# WORK INSTRUCTION:
Once the line containing "That was a little" is found in the data below, repeat it and every later line exactly, leaving the pictures out.
═══ EXERCISE MATERIAL ═══
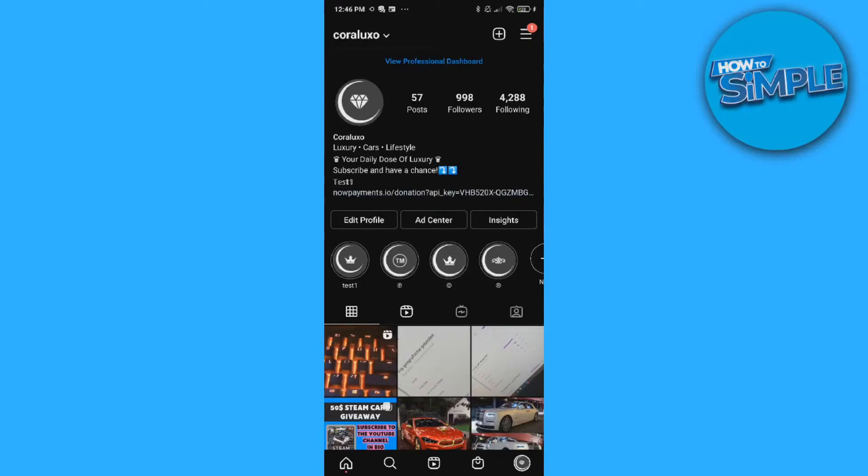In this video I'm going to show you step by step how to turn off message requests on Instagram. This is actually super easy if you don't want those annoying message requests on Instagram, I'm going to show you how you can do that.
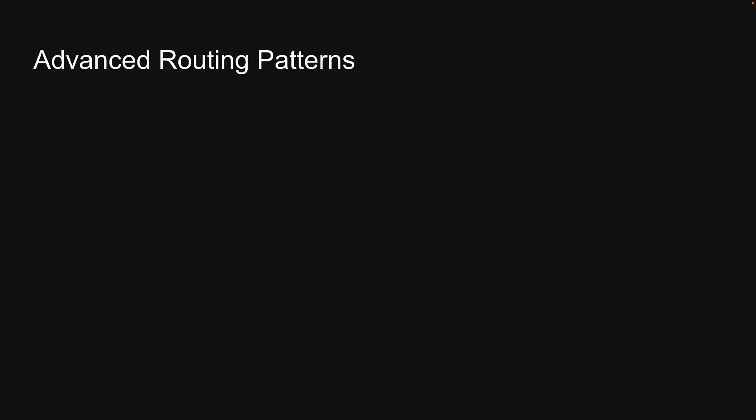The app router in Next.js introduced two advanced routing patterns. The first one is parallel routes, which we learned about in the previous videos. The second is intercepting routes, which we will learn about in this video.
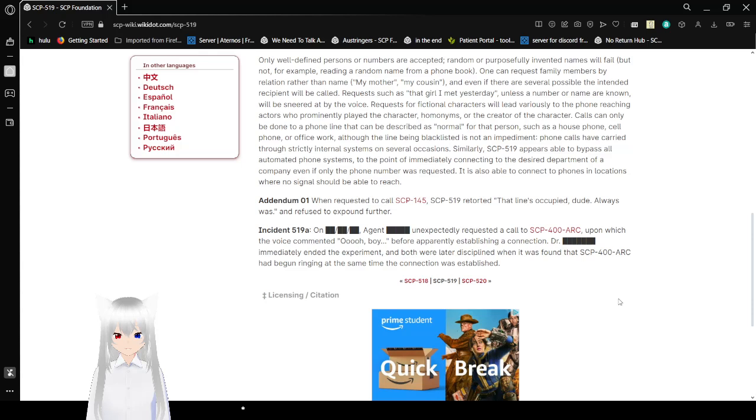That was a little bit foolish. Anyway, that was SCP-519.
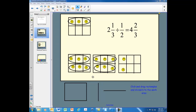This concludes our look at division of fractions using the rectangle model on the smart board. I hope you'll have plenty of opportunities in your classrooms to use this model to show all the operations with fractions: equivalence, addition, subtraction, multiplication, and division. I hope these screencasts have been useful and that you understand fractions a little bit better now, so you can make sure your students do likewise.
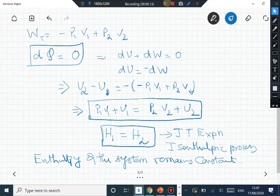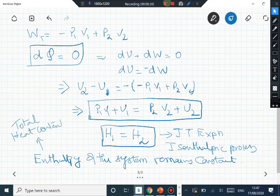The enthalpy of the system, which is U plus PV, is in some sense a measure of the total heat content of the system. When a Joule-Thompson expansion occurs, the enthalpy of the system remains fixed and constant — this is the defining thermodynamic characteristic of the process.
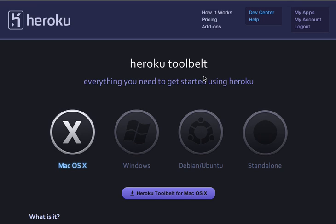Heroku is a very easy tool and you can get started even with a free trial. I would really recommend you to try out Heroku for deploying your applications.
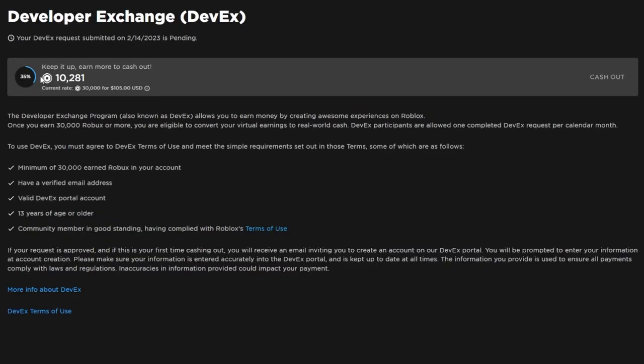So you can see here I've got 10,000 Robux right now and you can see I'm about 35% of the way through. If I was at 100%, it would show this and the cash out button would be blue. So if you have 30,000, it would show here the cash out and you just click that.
═══
# EXERCISE RESULT:
That was a little bit foolish. Anyway, that was SCP-519.
This concludes our look at division of fractions using the rectangle model on the smart board. I hope you'll have plenty of opportunities in your classrooms to use this model to show all the operations with fractions: equivalence, addition, subtraction, multiplication, and division. I hope these screencasts have been useful and that you understand fractions a little bit better now, so you can make sure your students do likewise.
The enthalpy of the system, which is U plus PV, is in some sense a measure of the total heat content of the system. When a Joule-Thompson expansion occurs, the enthalpy of the system remains fixed and constant — this is the defining thermodynamic characteristic of the process.
Heroku is a very easy tool and you can get started even with a free trial. I would really recommend you to try out Heroku for deploying your applications.
So you can see here I've got 10,000 Robux right now and you can see I'm about 35% of the way through. If I was at 100%, it would show this and the cash out button would be blue. So if you have 30,000, it would show here the cash out and you just click that.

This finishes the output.